Well, I think people were right to be outraged. But I wonder if people consider blatant misogyny as bad a racism.
On the June 24 edition of the NBC-syndicated Chris Matthews Show, during a discussion about Sen. Hillary Rodham Clinton (D-NY), host Chris Matthews asked Kathleen Parker, a syndicated columnist with the Washington Post Writers Group, if "being surrounded by women" makes "a case for commander in chief -- or does it make a case against it?" [...]
For the record, I don't think there is anything wrong with asking the question, but when it is asked by Chris Matthews, you know he's angling toward something.
Asked by Time managing editor Richard Stengel, "What are you suggesting by asking does this diminish her as a commander in chief by being surrounded by women?," Matthews replied: "No, the idea that it -- well, let me just get historic. We've never had a woman commander in chief."
Wow, Matthews is quite the historian! "We've never had a woman commander in chief. I think Stengal was right, Matthews "suggests something" practically every time he barks a question. This time he was suggesting that women are unfit to be CIC. His squirmy argument that he was being "historical" doesn't pass the laugh test.

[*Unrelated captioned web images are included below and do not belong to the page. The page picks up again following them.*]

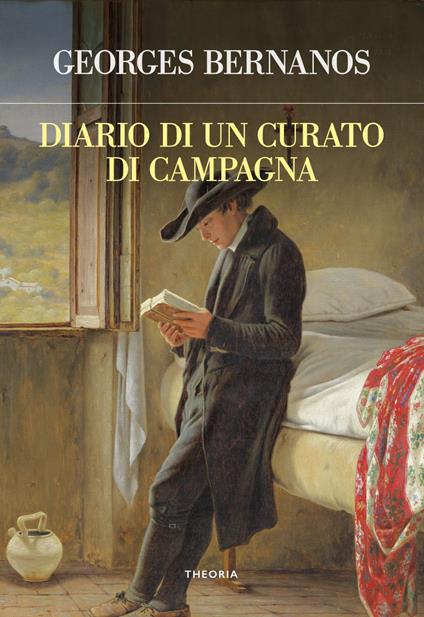 Diario di un curato di campagna - Georges Bernanos,Rosaria Manuela Distefano - ebook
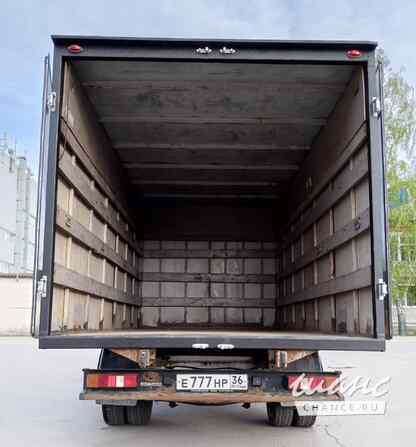 Ford Thunderbird 2012 года МКПП белый фургон Россошь - изображение 2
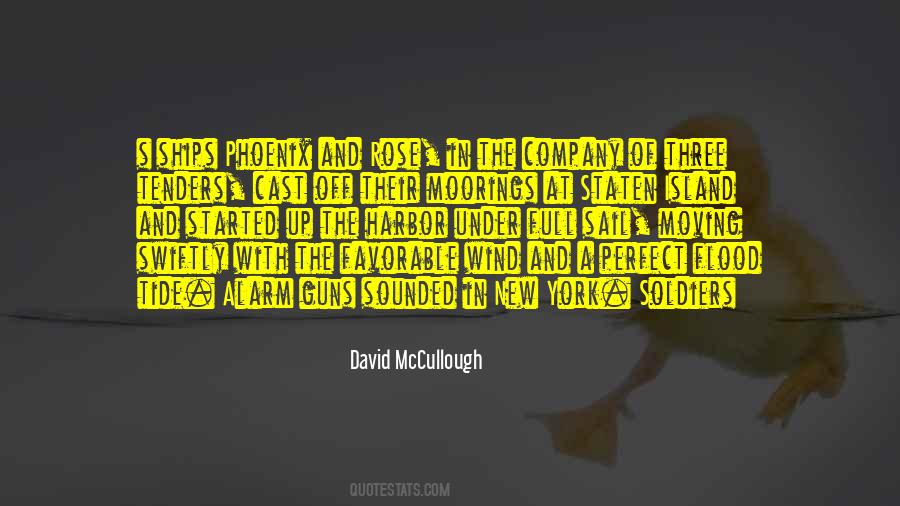 David McCullough Quotes #804778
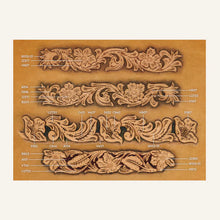 Load image into Gallery viewer, MakerAid patterns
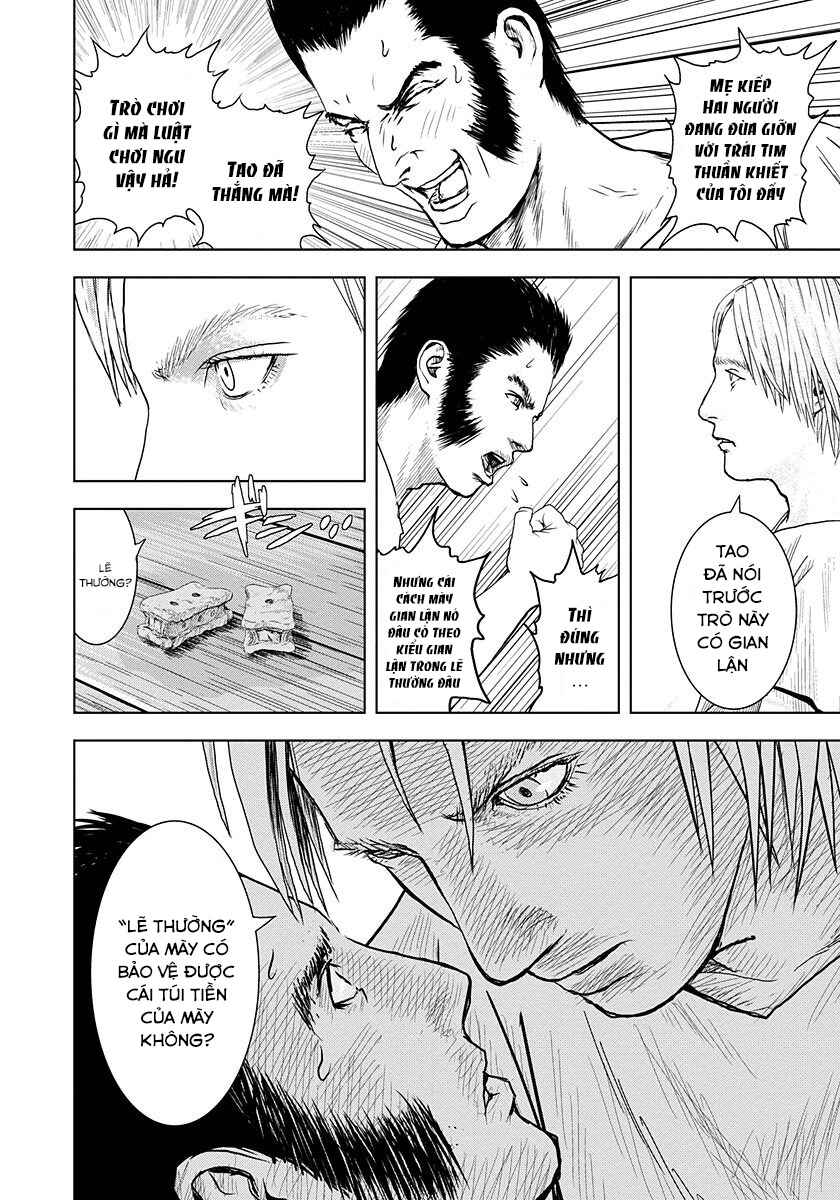 Ad Astra - Scipio and Hannibal Chapter 2 - Page 21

As a follow-up to his question, Matthews said: "But isn't that a challenge, because when it comes down to that final decision to vote for president, a woman president, a woman commander in chief, will be an historic decision for people. Not just men, but women as well." Turning to New York Times reporter Elisabeth Bumiller, Matthews added: "Elisabeth, you're always thinking about these things." Bumiller referred to Golda Meir and Margaret Thatcher -- women who were elected to lead Israel and the United Kingdom -- and said: "[W]e all remember these women.... I think we can get there." Matthews responded, "But we've got Patton and John Wayne on our side."
Matthews is an idiot. He claimed that he was being historical about his question and that we had never had a woman as commander in chief, yet he offers us John Wayne and Patton as examples of macho, manly, testosterone saturated ideals of what a Commander in Chief should be. The problem, of course, is that "historically speaking" neither Wayne nor Patton were ever, ever Commander in Chief. Amazing. Hell, Wayne never even served in the military.
This entire exchange isn't the tidy soundbite of "nappy-headed ho," but the idea it conveys - that women aren't fit for the highest level of office - certainly reaches the level of racism Imus peaked out on.
So we're left with the question, "Is misogyny as bad as racism?" If so, isn't it time for Matthews to go the way of Imus?